- _Available data_:
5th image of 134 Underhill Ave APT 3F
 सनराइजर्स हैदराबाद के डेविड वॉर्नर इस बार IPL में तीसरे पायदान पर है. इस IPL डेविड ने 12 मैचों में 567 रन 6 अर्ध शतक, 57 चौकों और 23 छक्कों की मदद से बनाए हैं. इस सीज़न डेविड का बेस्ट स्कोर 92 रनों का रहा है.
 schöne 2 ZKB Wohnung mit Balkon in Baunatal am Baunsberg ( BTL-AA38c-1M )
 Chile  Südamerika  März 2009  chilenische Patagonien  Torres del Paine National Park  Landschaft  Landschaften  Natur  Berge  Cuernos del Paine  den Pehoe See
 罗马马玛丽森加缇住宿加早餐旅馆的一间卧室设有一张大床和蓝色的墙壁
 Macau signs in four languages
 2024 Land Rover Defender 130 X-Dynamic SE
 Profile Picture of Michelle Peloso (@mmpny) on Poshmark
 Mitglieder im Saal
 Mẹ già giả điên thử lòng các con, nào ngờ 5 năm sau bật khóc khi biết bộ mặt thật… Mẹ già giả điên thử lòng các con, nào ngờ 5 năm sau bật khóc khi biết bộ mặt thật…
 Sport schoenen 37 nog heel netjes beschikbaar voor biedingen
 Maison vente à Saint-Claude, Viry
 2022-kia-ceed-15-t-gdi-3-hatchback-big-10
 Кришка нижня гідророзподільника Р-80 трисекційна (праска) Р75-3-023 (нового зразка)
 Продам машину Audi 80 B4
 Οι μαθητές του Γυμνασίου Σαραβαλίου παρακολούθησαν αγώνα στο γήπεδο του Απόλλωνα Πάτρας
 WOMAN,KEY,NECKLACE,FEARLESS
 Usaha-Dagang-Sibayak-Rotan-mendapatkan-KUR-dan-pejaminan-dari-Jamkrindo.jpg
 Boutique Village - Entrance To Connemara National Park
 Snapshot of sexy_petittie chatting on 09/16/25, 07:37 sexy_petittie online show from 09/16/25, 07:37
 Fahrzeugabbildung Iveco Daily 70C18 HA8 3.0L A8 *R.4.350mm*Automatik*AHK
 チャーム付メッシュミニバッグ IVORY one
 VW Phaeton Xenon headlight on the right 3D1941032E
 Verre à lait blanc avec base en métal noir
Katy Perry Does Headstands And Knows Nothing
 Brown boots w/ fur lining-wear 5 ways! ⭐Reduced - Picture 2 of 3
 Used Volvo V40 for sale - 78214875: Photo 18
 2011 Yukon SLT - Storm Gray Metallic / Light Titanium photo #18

- _Task to carry out_: Nothing above should be left out; write out every record exactly.

- _Written solution_:
5th image of 134 Underhill Ave APT 3F
 सनराइजर्स हैदराबाद के डेविड वॉर्नर इस बार IPL में तीसरे पायदान पर है. इस IPL डेविड ने 12 मैचों में 567 रन 6 अर्ध शतक, 57 चौकों और 23 छक्कों की मदद से बनाए हैं. इस सीज़न डेविड का बेस्ट स्कोर 92 रनों का रहा है.
 schöne 2 ZKB Wohnung mit Balkon in Baunatal am Baunsberg ( BTL-AA38c-1M )
 Chile  Südamerika  März 2009  chilenische Patagonien  Torres del Paine National Park  Landschaft  Landschaften  Natur  Berge  Cuernos del Paine  den Pehoe See
 罗马马玛丽森加缇住宿加早餐旅馆的一间卧室设有一张大床和蓝色的墙壁
 Macau signs in four languages
 2024 Land Rover Defender 130 X-Dynamic SE
 Profile Picture of Michelle Peloso (@mmpny) on Poshmark
 Mitglieder im Saal
 Mẹ già giả điên thử lòng các con, nào ngờ 5 năm sau bật khóc khi biết bộ mặt thật… Mẹ già giả điên thử lòng các con, nào ngờ 5 năm sau bật khóc khi biết bộ mặt thật…
 Sport schoenen 37 nog heel netjes beschikbaar voor biedingen
 Maison vente à Saint-Claude, Viry
 2022-kia-ceed-15-t-gdi-3-hatchback-big-10
 Кришка нижня гідророзподільника Р-80 трисекційна (праска) Р75-3-023 (нового зразка)
 Продам машину Audi 80 B4
 Οι μαθητές του Γυμνασίου Σαραβαλίου παρακολούθησαν αγώνα στο γήπεδο του Απόλλωνα Πάτρας
 WOMAN,KEY,NECKLACE,FEARLESS
 Usaha-Dagang-Sibayak-Rotan-mendapatkan-KUR-dan-pejaminan-dari-Jamkrindo.jpg
 Boutique Village - Entrance To Connemara National Park
 Snapshot of sexy_petittie chatting on 09/16/25, 07:37 sexy_petittie online show from 09/16/25, 07:37
 Fahrzeugabbildung Iveco Daily 70C18 HA8 3.0L A8 *R.4.350mm*Automatik*AHK
 チャーム付メッシュミニバッグ IVORY one
 VW Phaeton Xenon headlight on the right 3D1941032E
 Verre à lait blanc avec base en métal noir
Katy Perry Does Headstands And Knows Nothing
 Brown boots w/ fur lining-wear 5 ways! ⭐Reduced - Picture 2 of 3
 Used Volvo V40 for sale - 78214875: Photo 18
 2011 Yukon SLT - Storm Gray Metallic / Light Titanium photo #18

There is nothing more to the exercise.